1 methylphenidate modified release (12-hour duration) 18 mg orally, in the morning. Increase the dose according to response and tolerability in increments of 9 to 18 mg (using increments of 9 mg until a dose of 36 mg is reached) at weekly intervals until optimal response is obtained or the maximum daily dose is reached (54 mg in children 6 to 12 years; 72 mg in children older than 12 years). Usually doses above 2 mg/kg are not required. If the effect of the drug wears off too early, a dose of short-acting methylphenidate can be given mid-afternoon provided the maximum daily dose of methylphenidate is not exceeded. See further advice on monitoring and duration of treatment. methylphenidate

If dexamfetamine is preferred for ADHD in a child 6 years or older, a suitable regimen is:

dexamfetamine 2.5 mg orally, once or twice daily.
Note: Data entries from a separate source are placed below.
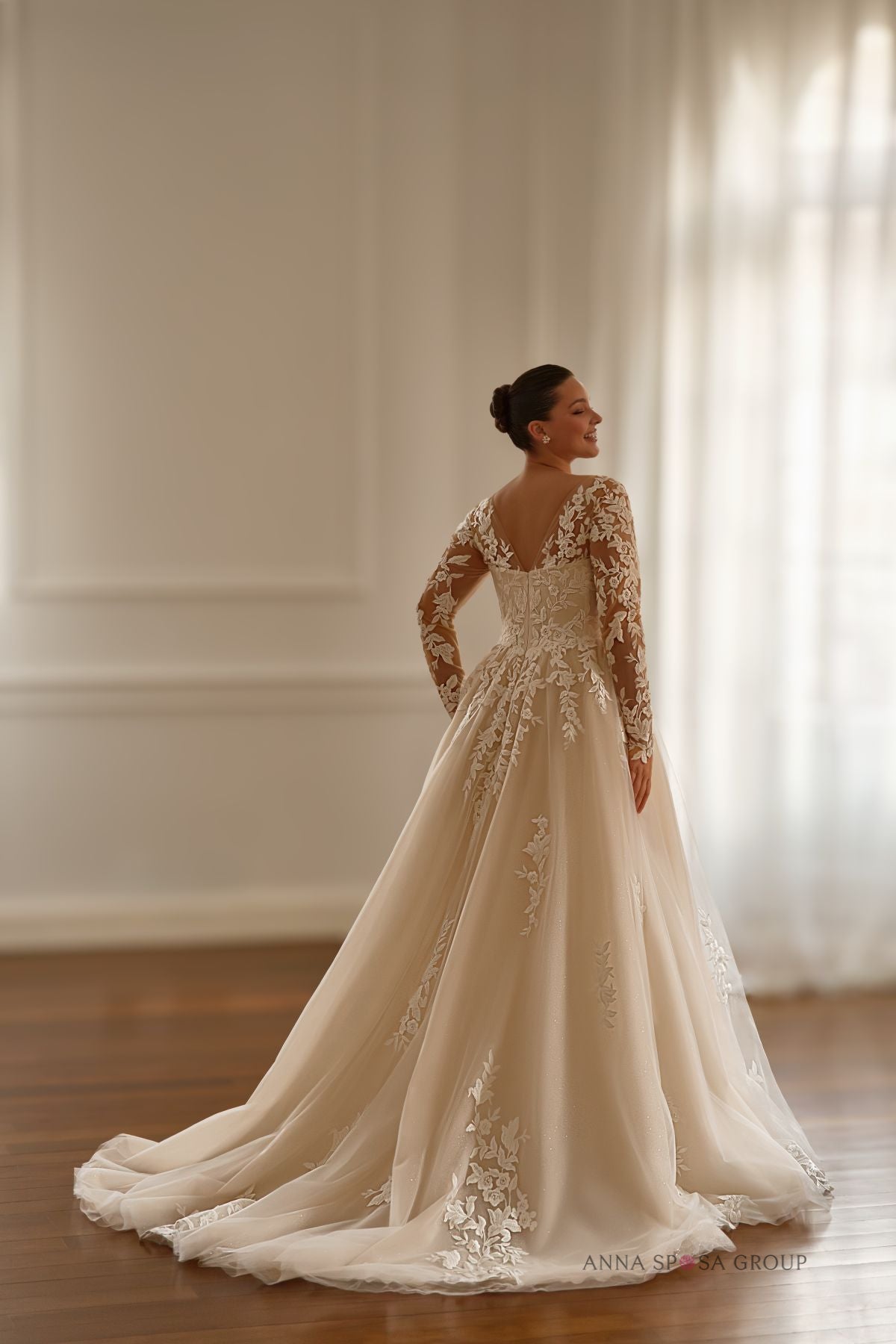 Robe de mariée Anna Sposa Astonia – Élégance florale en dentelle et tulle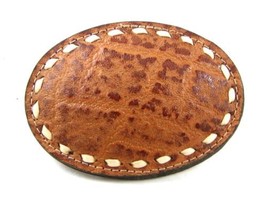 Western Cowboy Cowgirl Leather Belt Buckle New Old Store Stock 83116j - £19.66 GBP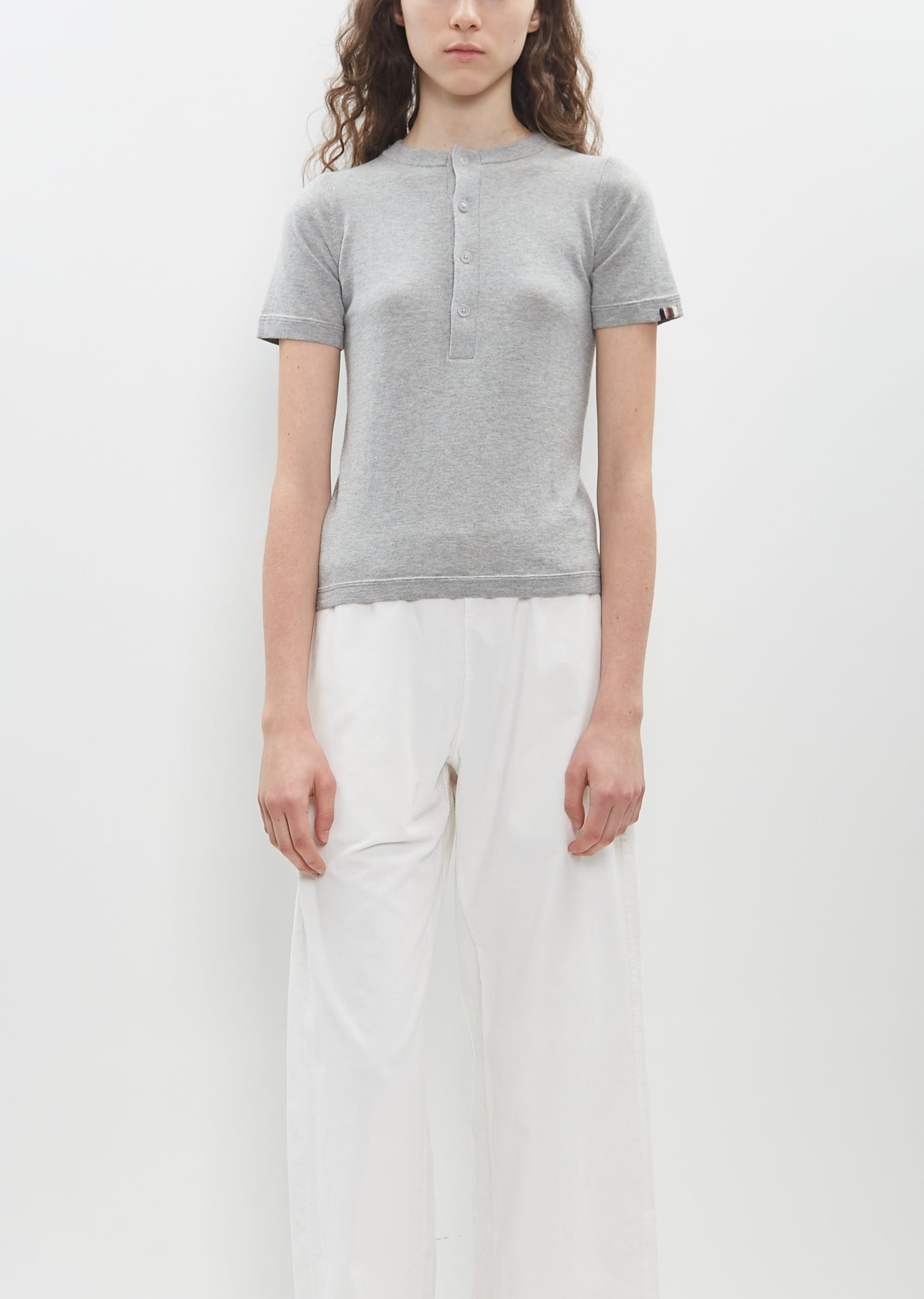 Cotton Cashmere n° 369 Eva Top — Grey – La Garçonne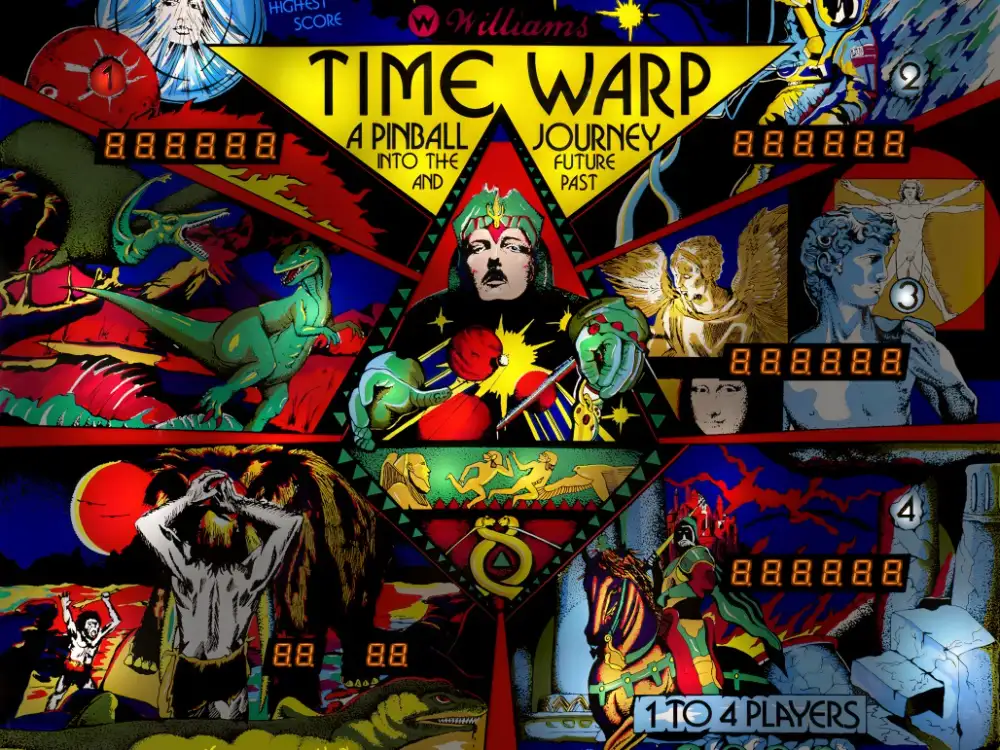 Time Warp virtual pinball table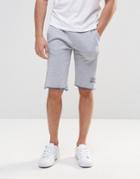 Blend Sweat Shorts Straight Fit Contrast Trims In Gray - Stone Mix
Increase the dose or frequency of administration according to response and tolerability in increments of 2.5 mg at weekly intervals until optimal response is obtained or a daily dose of 40 mg (in up to 3 divided doses) is reached. See further advice on monitoring and duration of treatment. attention deficit hyperactivity disorder dexamfetamine

If lisdexamfetamine is preferred for ADHD in a child 6 years or older, a suitable regimen is:

lisdexamfetamine 30 mg orally, in the morning. Increase the dose according to response and tolerability in increments of 20 mg at weekly intervals until optimal response is obtained or a daily dose of 70 mg is reached. See further advice on monitoring and duration of treatment. attention deficit hyperactivity disorder lisdexamfetamine

For patients switching to lisdexamfetamine from another stimulant (eg dexamfetamine, methylphenidate), the starting dose of lisdexamfetamine is 30 mg regardless of the daily dose of stimulant the patient was stable on.